Actins from plant and animal sources tend not to form heteropolymers in vitro and function differently in plant cells.

Pollen and skeletal muscle actins were purified and labeled with fluorescent dyes that have different emission wavelengths. Observation by electron microscopy shows that the fluorescent actins are capable to polymerize into filamentous actin in vitro, bind to myosin S-1 fragments, and have a critical concentration similar to unlabeled actin, indicating that they are functionally active. The globular actins from two sources were mixed and polymerized by the addition of ATP and salts. The copolymerization experiment shows that when excited by light of the appropriate wavelength, both red actin filaments (pollen actin) and green actin filaments (muscle actin) can be visualized under the microscope, but no filaments exhibiting both green and red colors are detected. Furthermore, coprecipitations of labeled pollen actin with unlabeled pollen and skeletal muscle actin were performed.
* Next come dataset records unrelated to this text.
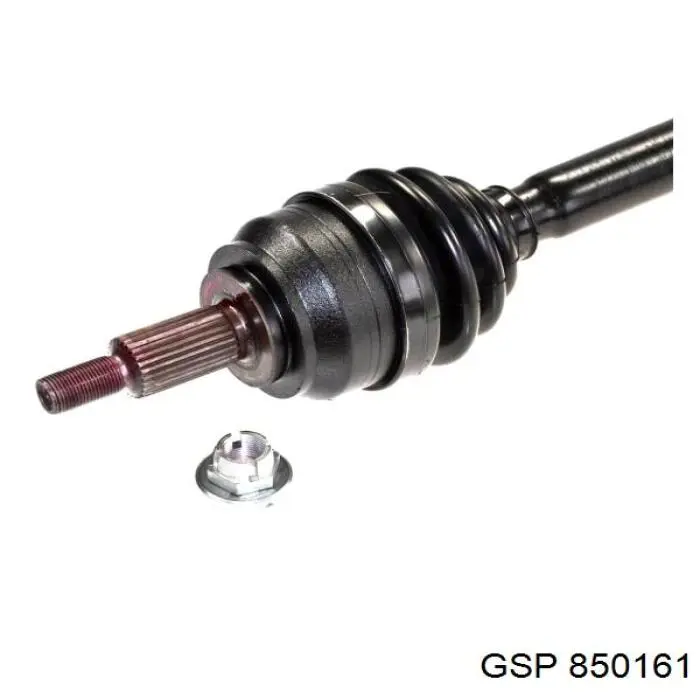 Junta homocinetica KRN868 LPR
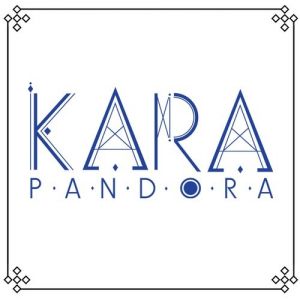 Pandora - album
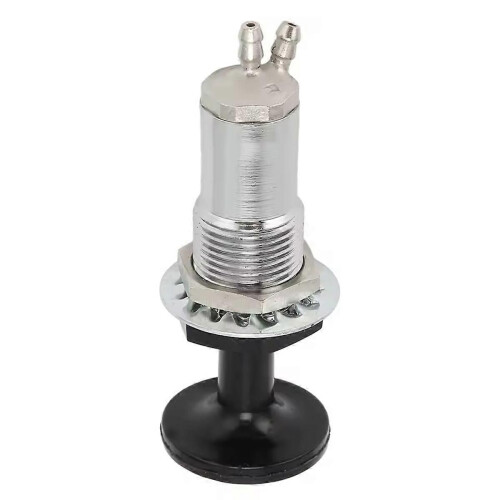 Fuel Primer Copper ABS Heat Tolerant Rustproof Plunger Pump Replacement for WAVEJAMMER SUPERJET Jet 2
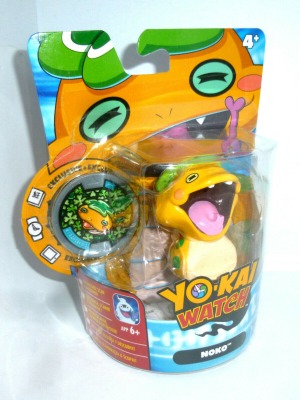 Noko Figure - Yo-Kai Watch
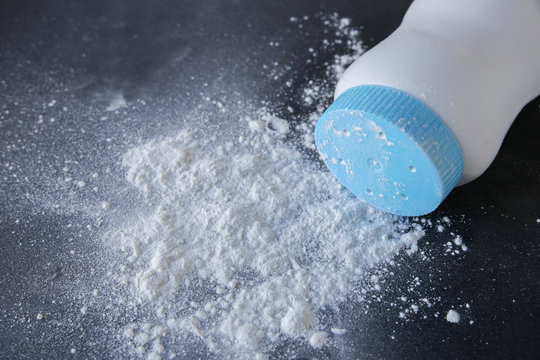 Baby Powder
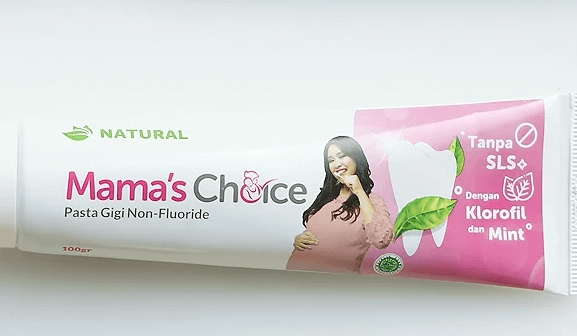 pasta gigi untuk ibu hamil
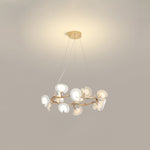 Cerisium Blossom Chandelier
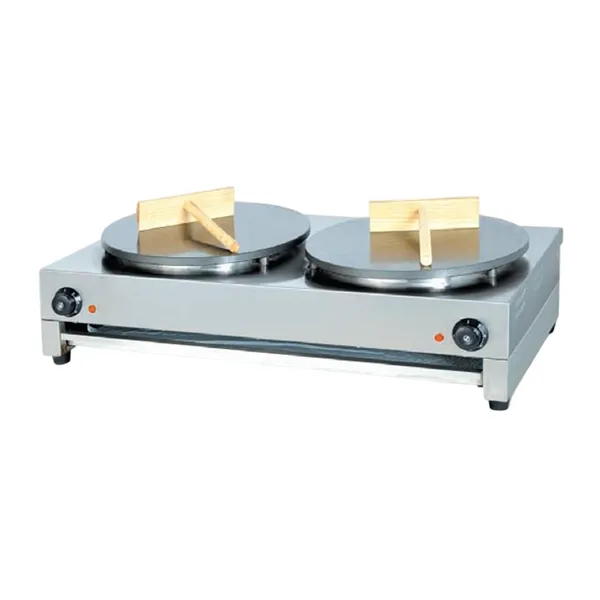 DE-2 Electric Crepe Maker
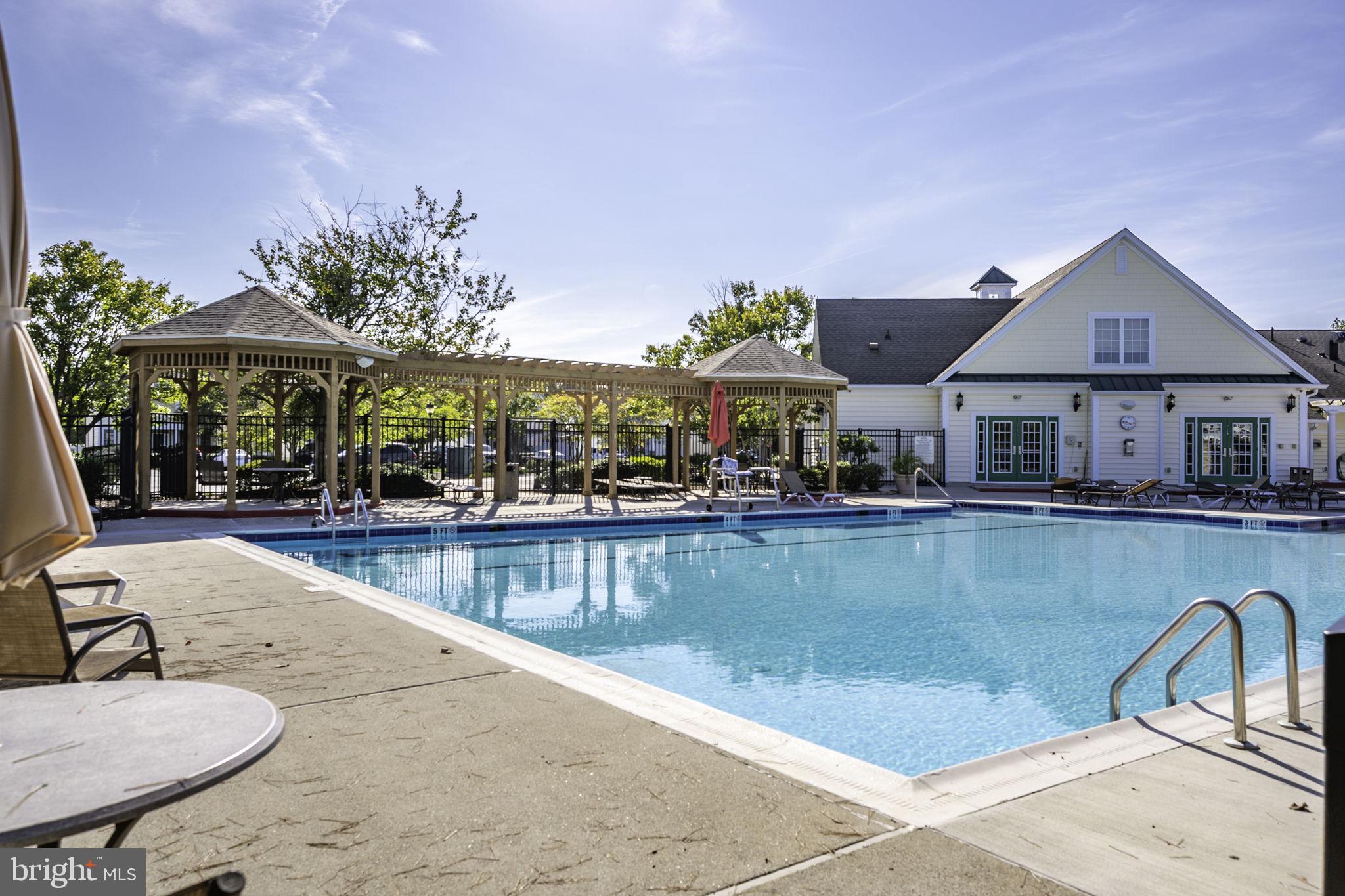 BAYSIDE OCEAN CITY - Residential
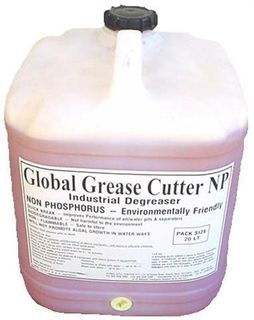 Global Grease Cutter (20 L)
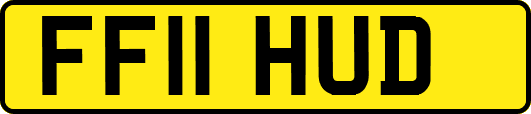 FF11HUD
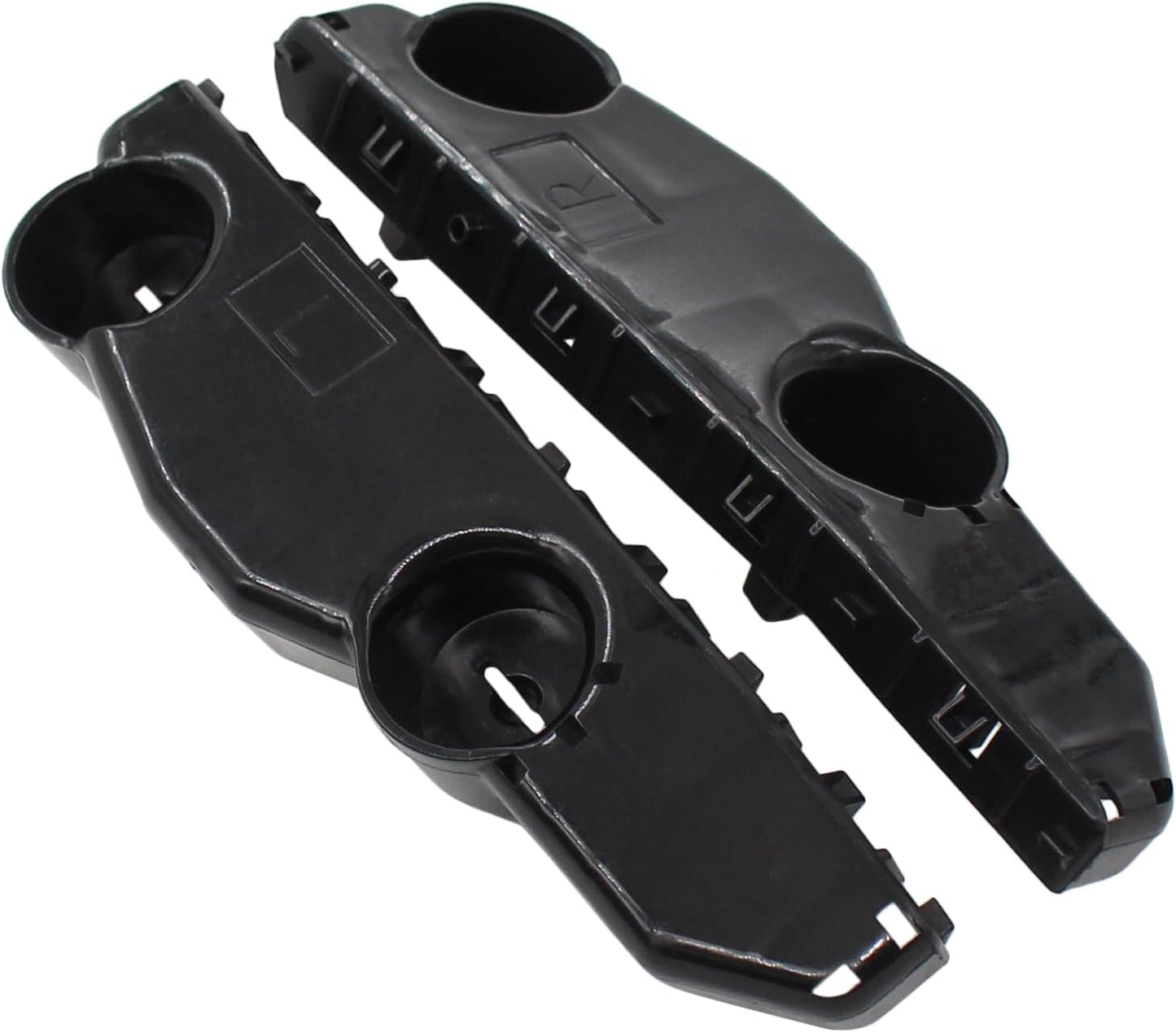 Retenedor soporte parachoques Nissan Sentra 1.8L 13-15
Measurements of fluorescent intensity show that the amount of labeled pollen actin precipitating with pollen actin was much higher than that with skeletal muscle actin, indicating that pollen and muscle actin tend not to form heteropolymers. Injection of labeled pollen actin into living stamen hair cells results in the formation of normal actin filaments in transvacuolar strands and the cortical cytoplasm. In contrast, labeled skeletal muscle actin has detrimental effects on the cellular architecture. The results from coinjection of the actin-disrupting reagent cytochalasin D with pollen actin show that overexpression of pollen actin prolongs the displacement of the nucleus and facilitates the recovery of the nuclear position, actin filament architecture, and transvacuolar strands. However, muscle actin perturbs actin filaments when injected into stamen hair cells. Moreover, nuclear displacement occurs more rapidly when cytochalasin D and muscle actin are coinjected into the cell. It is concluded that actins from plant and animal sources behave differently in vitro and in vivo and that they are functionally not interchangeable.